Thérèse David: Certains prédisent la mort des médias traditionnels. Moi, non. Ils deviendront, selon moi, des médias d’opinion. Peut-être que les nouvelles se retrouveront davantage sur les réseaux sociaux, mais les journalistes deviendront des influenceurs. Ils aideront le public à analyser l’information, qu’ils soient contre ou pour.

Thérèse David: Les médias traditionnels ne resteront peut-être pas tous là, mais les gros vont rester et se transformer. Si on y pense, tout le monde a prédit la mort de la radio quand la télévision est arrivée. Puis, on a pensé que c’était la fin de la télévision quand Internet a fait son apparition. La télévision va rester aussi selon moi. La plateforme va peut-être se transformer, mais pas son contenu. Les gens auront toujours besoin de contenu.

Vous prétendez avoir été habitée par un dilemme pendant quinze ans, votre penchant pour la culture classique et pour la culture populaire. Y a-t-il deux cultures ou une seule?

Thérèse David: Je dis souvent à mes collègues et étudiants d’arrêter de parler de musique pop ou classique, ou encore de cinéma d’auteur ou commercial. Je leur demande d’arrêter de parler des sortes de cinéma. Du bon cinéma, c’est du bon cinéma. De la bonne musique, c’est de la bonne musique. Point! Je constate que, dans le milieu des arts, il y a des clans.

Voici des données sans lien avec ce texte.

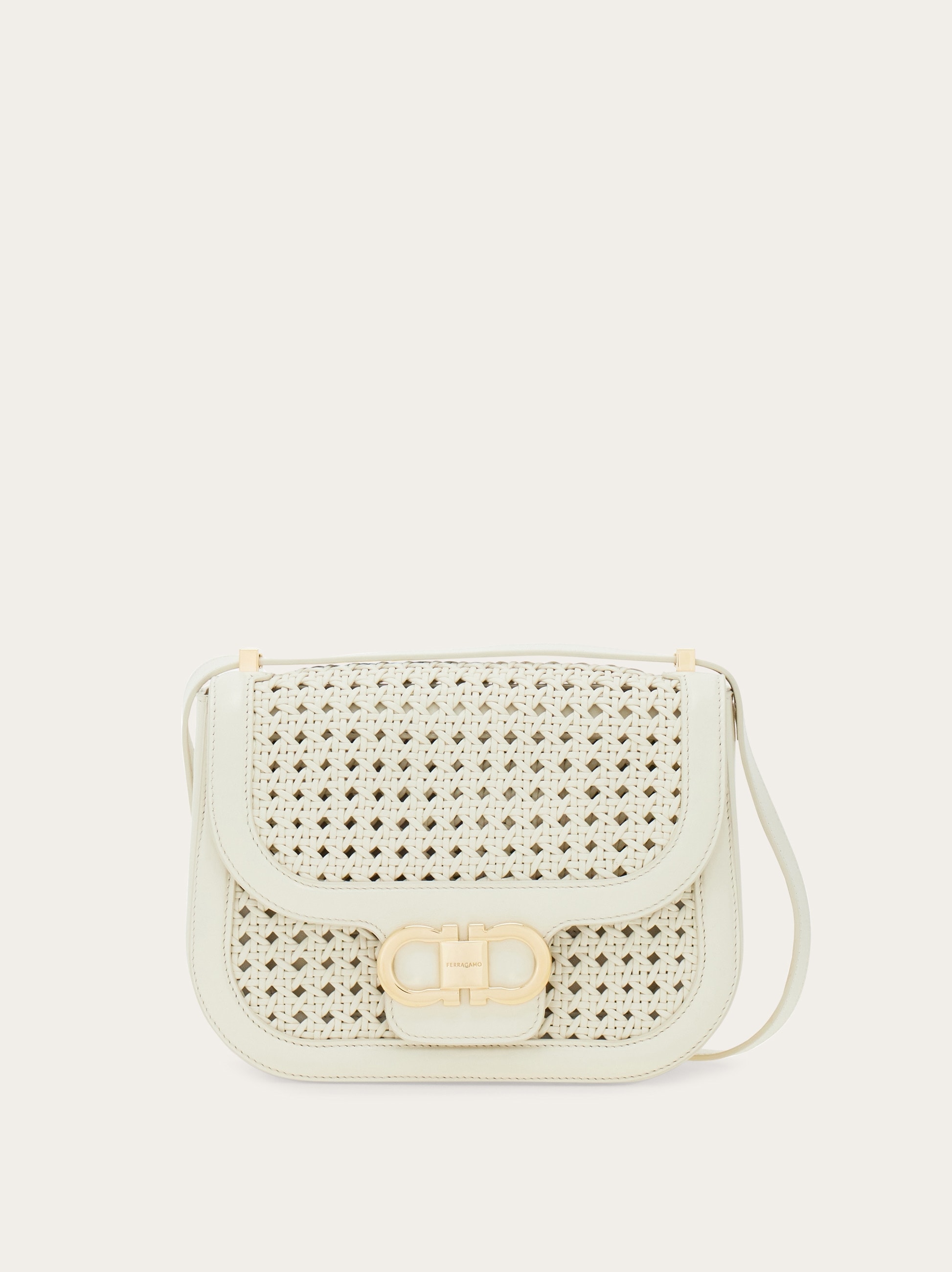 Double Gancini North-South crossbody bag - Women | Ferragamo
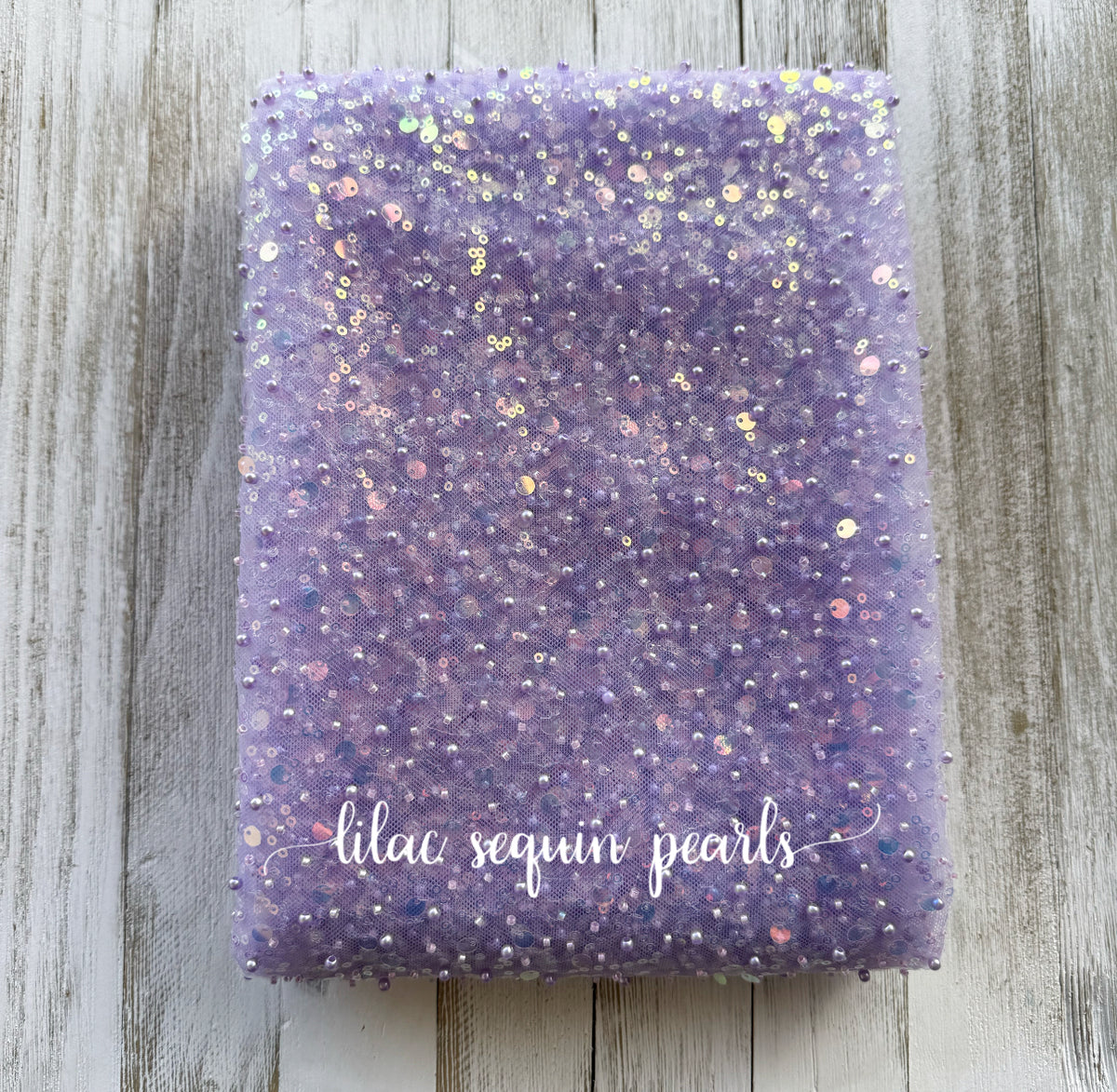 Sequin pearls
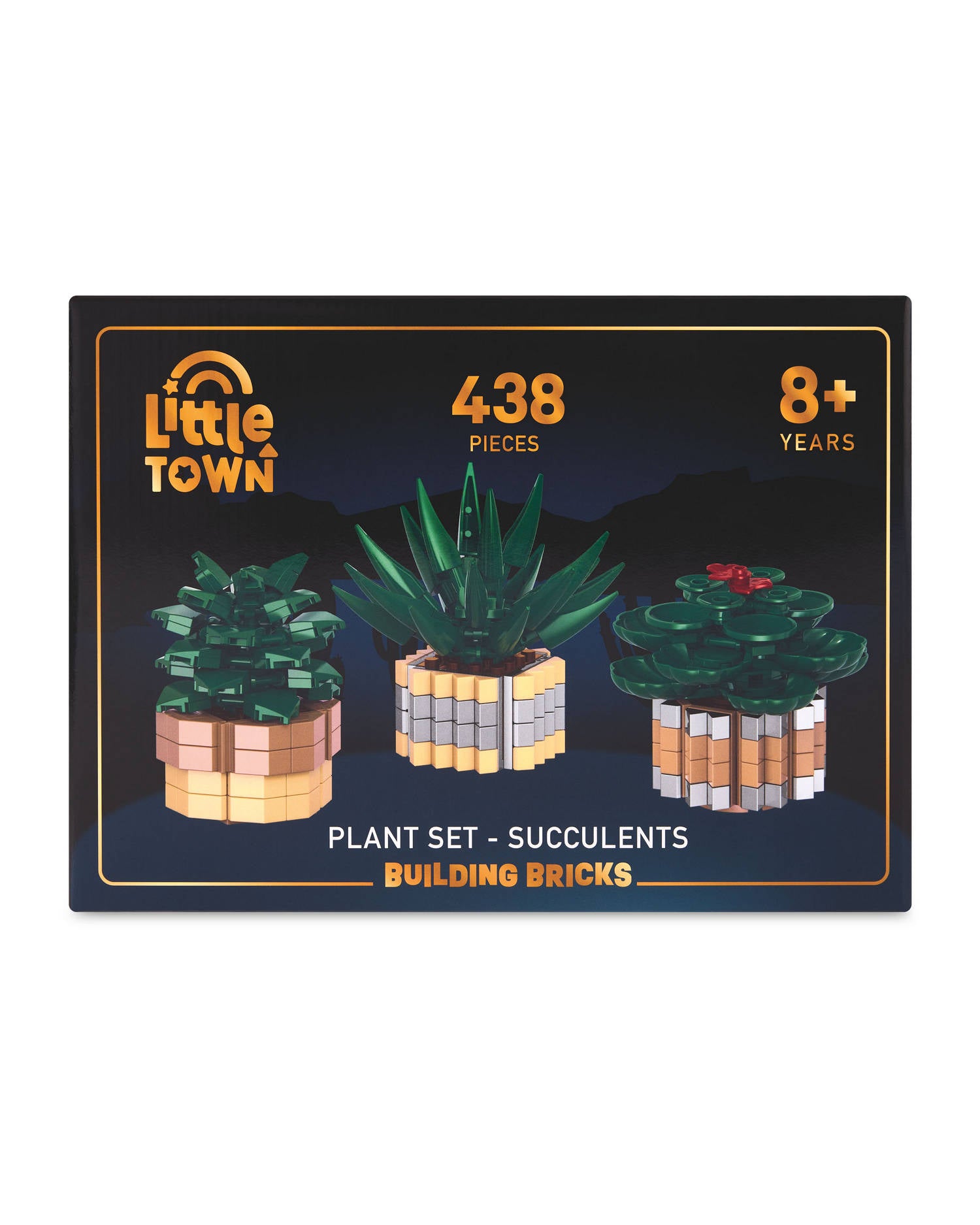 Mini Building Blocks Cactus, Flowers or Succulents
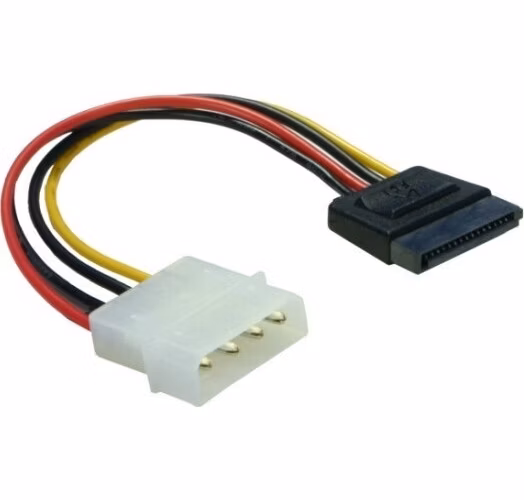 Delock Redukce napájení MOLEX 4-pin na SATA 15-pin přímý, 6 cm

Chez les jeunes, moins. Il faut enrayer le snobisme et convaincre les gens du fait que la culture n’est pas une affaire d’élite.

Vous dites souvent que «pour œuvrer dans le domaine des arts, il faut être un peu groupie». De qui êtes-vous groupie en ce moment?

Thérèse David: Je suis toujours groupie des artistes que je représente. Je suis toujours groupie des gens avec qui je travaille passionnément. En ce moment, par exemple, je suis groupie de nouveaux arrivants que j’ai rencontrés récemment, alors que j’ai travaillé sur un projet pour eux avec le Mouvement national des Québécoises et Québécois. J’ai été aussi très groupie de mes collègues de Longueuil avec qui j’ai contribué, grâce à la mairesse Caroline St-Hilaire, à la fondation du Bureau de la culture, de la Maison de la culture du Conseil des arts de Longueuil. J’aime avoir des coups de coeur professionnels. J’ai adoré l’abum D’eux de Céline Dion. Je suis aussi groupie de Jean Leloup. Quand je donne des formations, je suis groupie de mes étudiants. Et je suis une «fan finie» de mes frères et sœurs, de mes enfants et petits-enfants.

Thérèse David: Si on me demande «Est-ce que tu as aimé tous tes artistes?» Je dis que je n’ai pas aimé tous mes artistes, mais que j’ai aimé quelque chose dans chacun d’eux. Il m’est arrivé à un moment donné de travailler avec une artiste que tout le monde cataloguait de «kétaine», et je suis tombée en amour avec son disque. Je ne suis pas capable d’étiqueter les gens, je prends quelque chose de bon de tous mes artistes. Ils ont tous quelque chose dans le ventre. Et quand je réussis à faire sortir ce je-ne-sais-quoi de leurs tripes, je deviens leur groupie! Ce que je recherche, c’est le leitmotiv intérieur.